**What you should do:** The pictures do not go in the copy. Reproduce the rest of the entries exactly.

**Input data:**
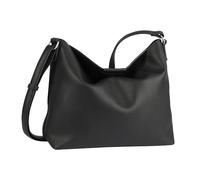 Tom Tailor Filipa Umhängetasche 32 cm black (TAS037157) schwarz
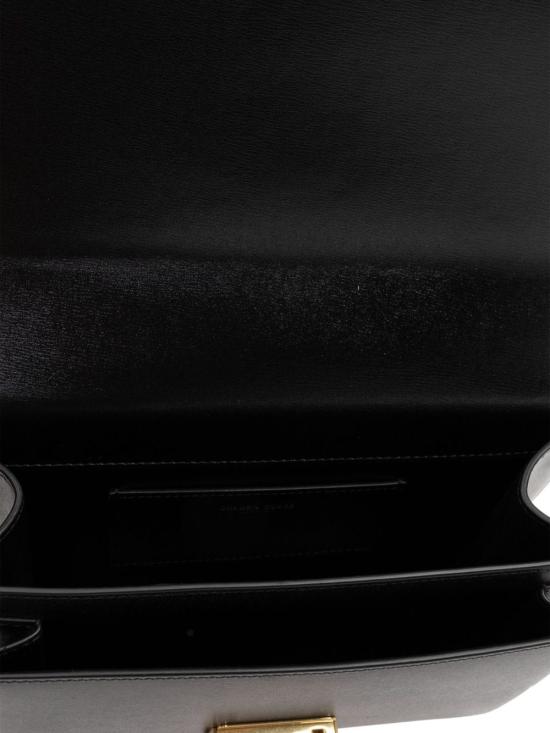 24FW 골든구스 토트백 GWA00467 A00056590100 - GOLDEN GOOSE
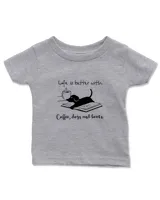 Infant Jersey T-Shirt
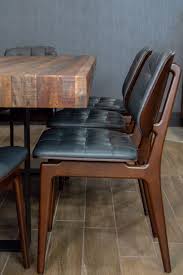 Perla Chair Furnitureland South Starbucks Large Furniture Office Decor Chair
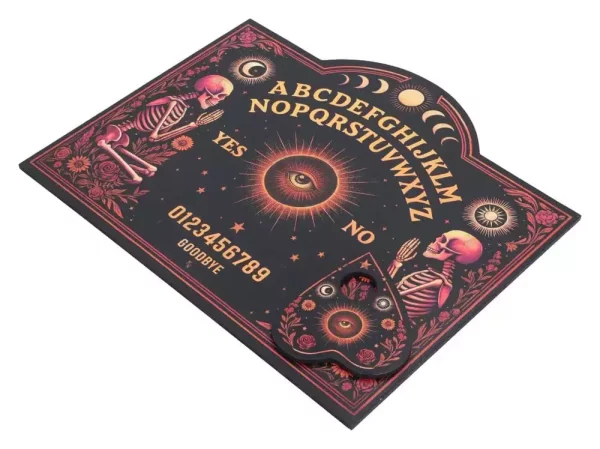 spirit-board-board-game-bloom-42-cm-1789989618-1 spirit-board-board-game-bloom-42-cm-1789989618-1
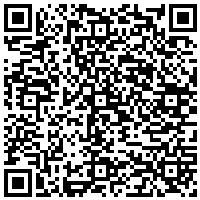 QR Code for bitcoin:bitcoin:bitcoin:bitcoin:bitcoin:bitcoin:bitcoin:bitcoin:bitcoin:bitcoin:bitcoin:bitcoin:12UsdC4cn5RrmCSHuvADBKN5BXVk7SujAB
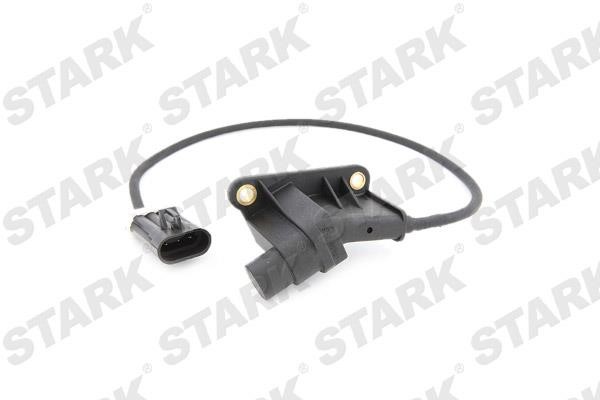 Stark SKSPS-0370046 Camshaft position sensor SKSPS0370046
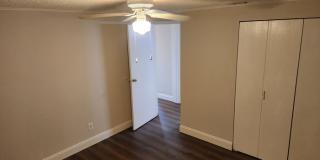 1344 Lodge Terrace Gallery 4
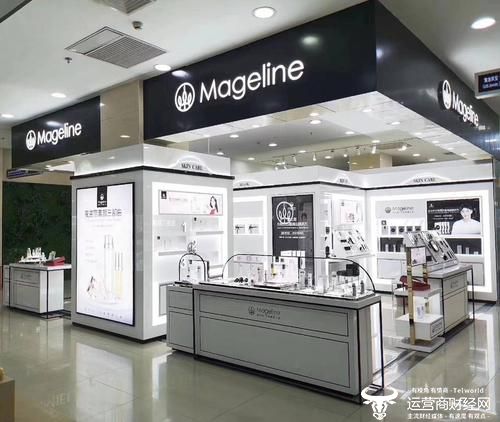麥吉麗創始人的底氣與產品抽檢的現實 品質承諾與市場考驗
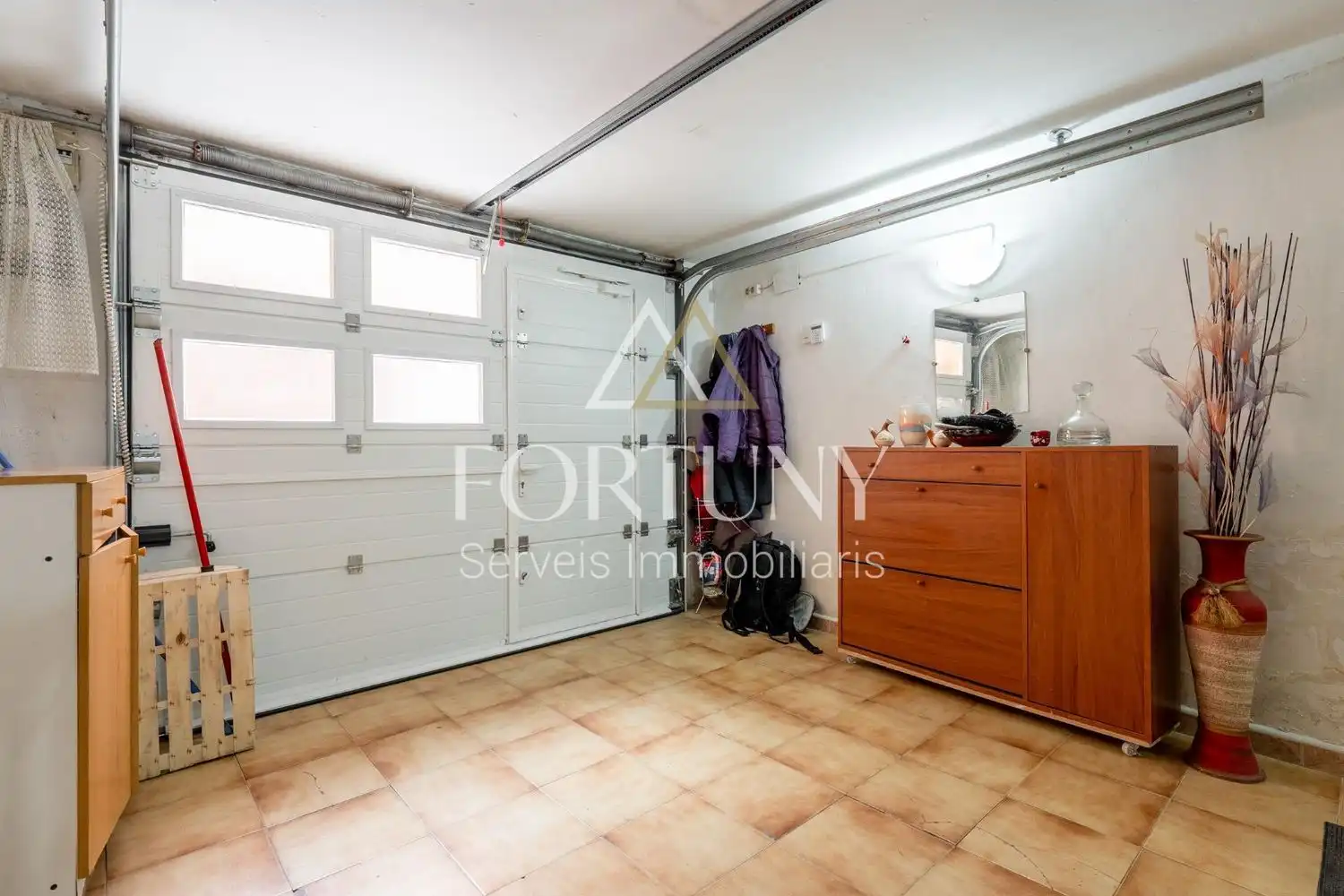 Haus zum Verkauf in Mossèn Ramon Bergadà, imagen 3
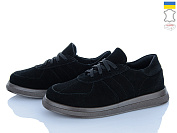 Кроссовки Ailinda 4082-1 от магазина Frison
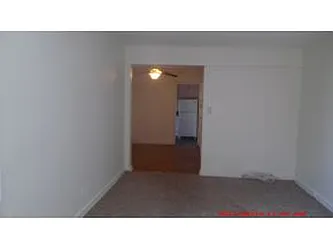 Sold by Bright Horizons Realty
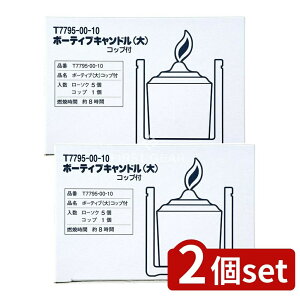 _r[TL^y2Zbgz J} {[eBu()Rbvt [Pie/1] | J}[\N {[eBu ЊQp Lh Rbv[\N [\N d hЗp p 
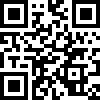 https://qudsonline.ir/x7965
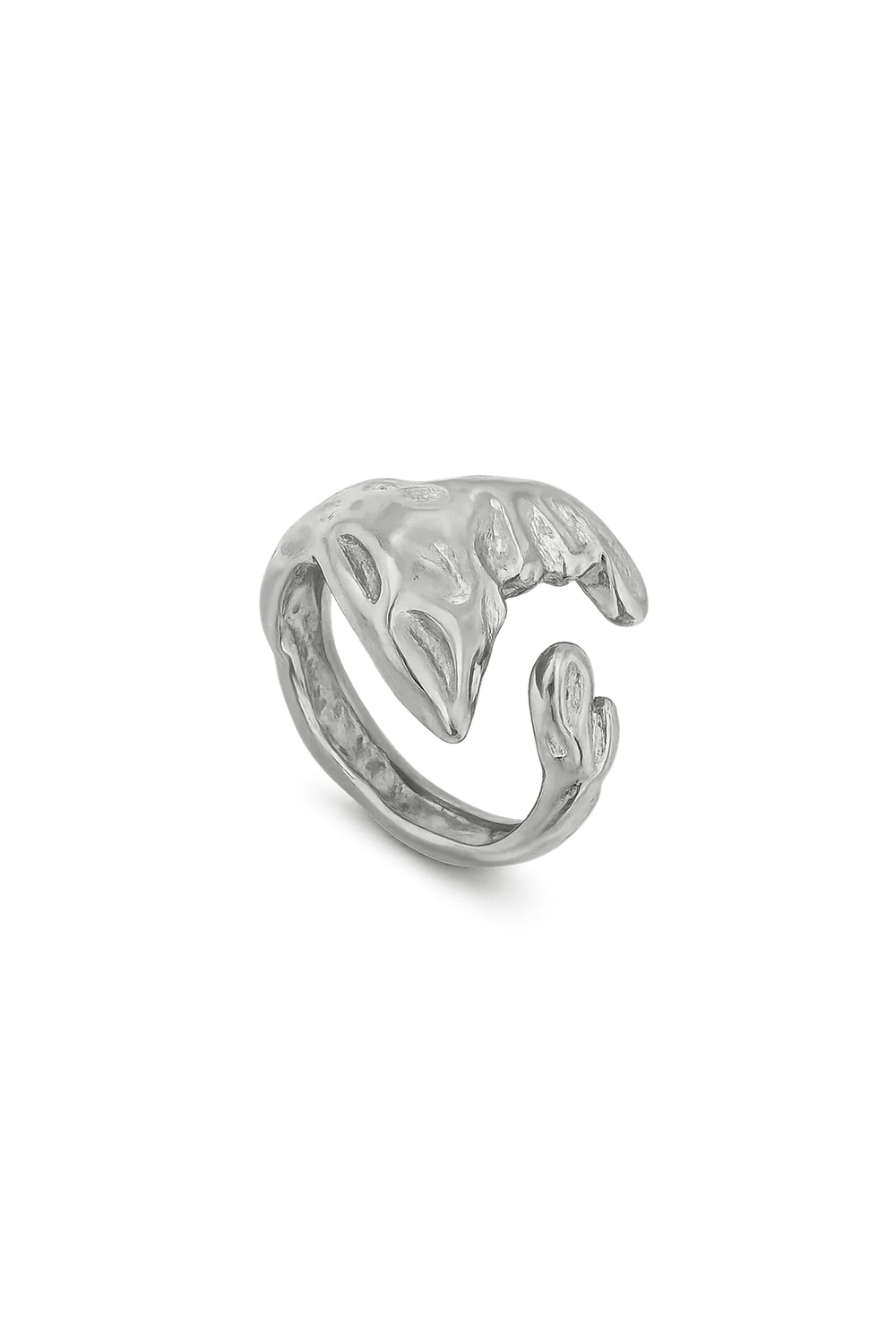 ANILLO DICA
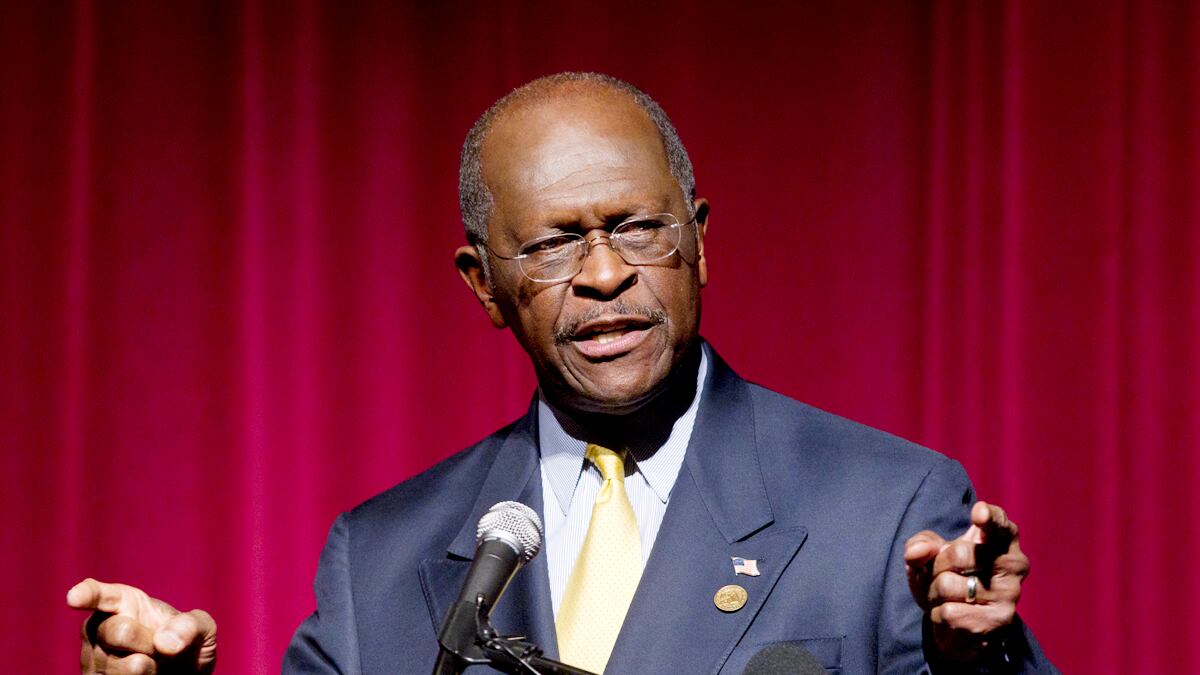 cheats/2011/10/30/cain-smoking-isn-t-cool/herman-cain-dont-smoke-cs_npp7zg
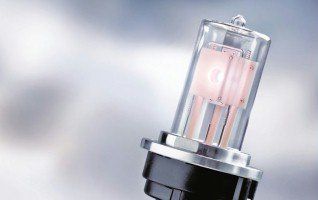 Heraeus cuenta con la experiencia, un enfoque innovador y un impecable liderazgo empresarial en el desarrollo de lámparas, mejorando continuamente su amplio catálogo de productos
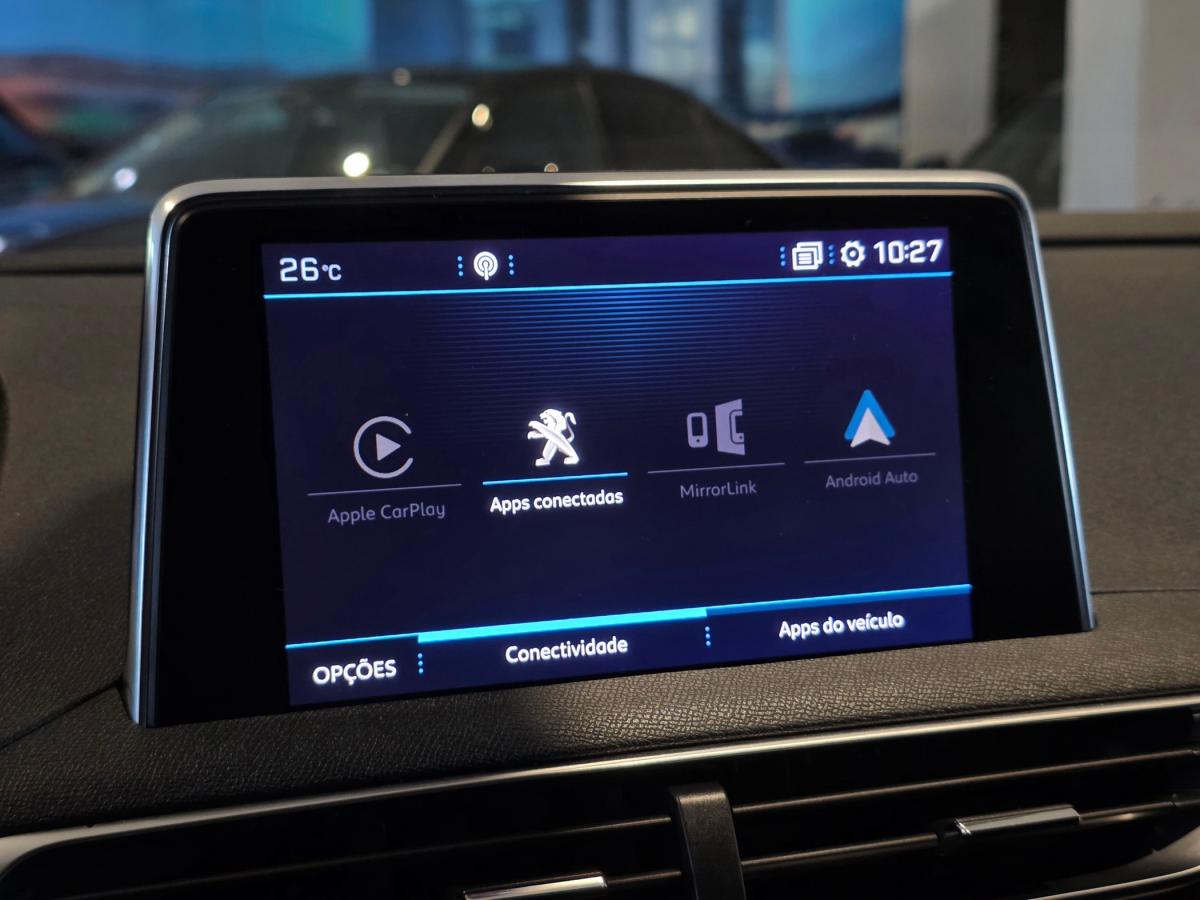 peugeot-3008-2016-diesel-1997cc
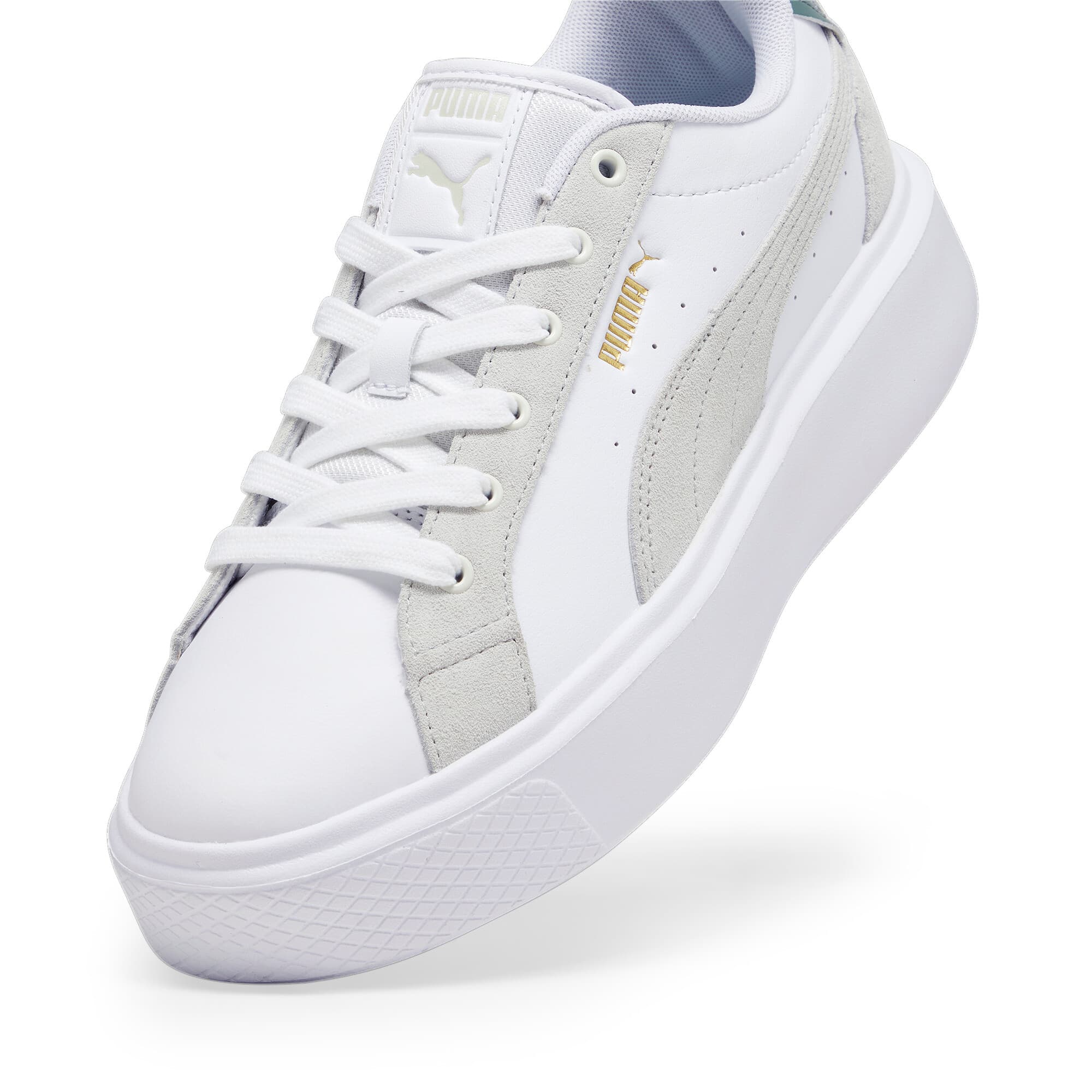 OSL Pro Mix Sneakers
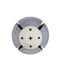 CLA ELLIP: LED Elliptical Lamps and Globes 180-240V IP20 - ELLIP01 - CLA Lighting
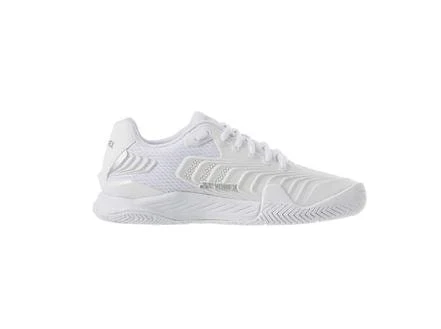 Women's Yonex Eclipsion 4 Tennis Shoe - Image 2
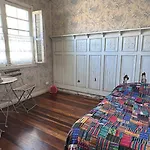 Casa Valparaiso Cerro Concepcion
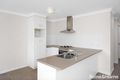 Property photo of 2/6-14 Mirrul Street Glenfield Park NSW 2650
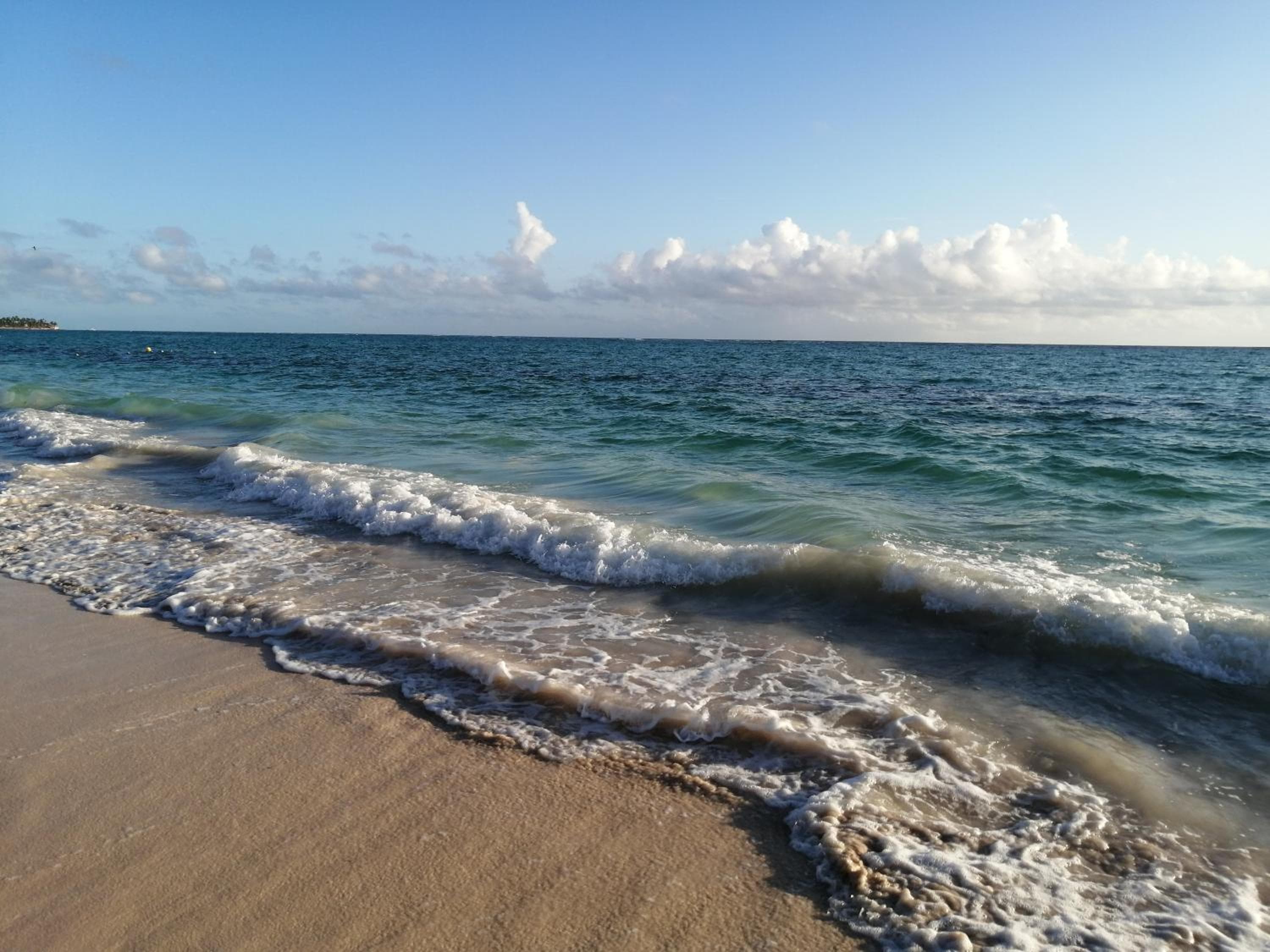 Viaggiatori ecologici della Riviera Punta Cana — 13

**Your solution:**
 Tom Tailor Filipa Umhängetasche 32 cm black (TAS037157) schwarz
 24FW 골든구스 토트백 GWA00467 A00056590100 - GOLDEN GOOSE
 Infant Jersey T-Shirt
 Perla Chair Furnitureland South Starbucks Large Furniture Office Decor Chair
 spirit-board-board-game-bloom-42-cm-1789989618-1 spirit-board-board-game-bloom-42-cm-1789989618-1
 QR Code for bitcoin:bitcoin:bitcoin:bitcoin:bitcoin:bitcoin:bitcoin:bitcoin:bitcoin:bitcoin:bitcoin:bitcoin:12UsdC4cn5RrmCSHuvADBKN5BXVk7SujAB
 Stark SKSPS-0370046 Camshaft position sensor SKSPS0370046
 1344 Lodge Terrace Gallery 4
麥吉麗創始人的底氣與產品抽檢的現實 品質承諾與市場考驗
 Haus zum Verkauf in Mossèn Ramon Bergadà, imagen 3
 Кроссовки Ailinda 4082-1 от магазина Frison
 Sold by Bright Horizons Realty
 _r[TL^y2Zbgz J} {[eBu()Rbvt [Pie/1] | J}[\N {[eBu ЊQp Lh Rbv[\N [\N d hЗp p 
 https://qudsonline.ir/x7965
 ANILLO DICA
 cheats/2011/10/30/cain-smoking-isn-t-cool/herman-cain-dont-smoke-cs_npp7zg
 Heraeus cuenta con la experiencia, un enfoque innovador y un impecable liderazgo empresarial en el desarrollo de lámparas, mejorando continuamente su amplio catálogo de productos
 peugeot-3008-2016-diesel-1997cc
 OSL Pro Mix Sneakers
 CLA ELLIP: LED Elliptical Lamps and Globes 180-240V IP20 - ELLIP01 - CLA Lighting
 Women's Yonex Eclipsion 4 Tennis Shoe - Image 2
 Casa Valparaiso Cerro Concepcion
 Property photo of 2/6-14 Mirrul Street Glenfield Park NSW 2650
 Viaggiatori ecologici della Riviera Punta Cana — 13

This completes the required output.